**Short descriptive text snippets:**
------------------------------------------------
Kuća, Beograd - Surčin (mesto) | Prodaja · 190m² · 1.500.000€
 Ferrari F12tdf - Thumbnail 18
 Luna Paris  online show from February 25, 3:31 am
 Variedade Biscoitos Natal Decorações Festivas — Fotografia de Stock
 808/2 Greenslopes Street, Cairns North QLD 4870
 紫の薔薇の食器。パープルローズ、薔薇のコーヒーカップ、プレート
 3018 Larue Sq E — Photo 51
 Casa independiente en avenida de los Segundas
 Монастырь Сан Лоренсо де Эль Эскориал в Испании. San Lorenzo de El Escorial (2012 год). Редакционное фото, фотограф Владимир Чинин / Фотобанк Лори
------------------------------------------------
**Work item:** What this exercise asks for is the data above, retyped exactly.

**Result of the task:**
Kuća, Beograd - Surčin (mesto) | Prodaja · 190m² · 1.500.000€
 Ferrari F12tdf - Thumbnail 18
 Luna Paris  online show from February 25, 3:31 am
 Variedade Biscoitos Natal Decorações Festivas — Fotografia de Stock
 808/2 Greenslopes Street, Cairns North QLD 4870
 紫の薔薇の食器。パープルローズ、薔薇のコーヒーカップ、プレート
 3018 Larue Sq E — Photo 51
 Casa independiente en avenida de los Segundas
 Монастырь Сан Лоренсо де Эль Эскориал в Испании. San Lorenzo de El Escorial (2012 год). Редакционное фото, фотограф Владимир Чинин / Фотобанк Лори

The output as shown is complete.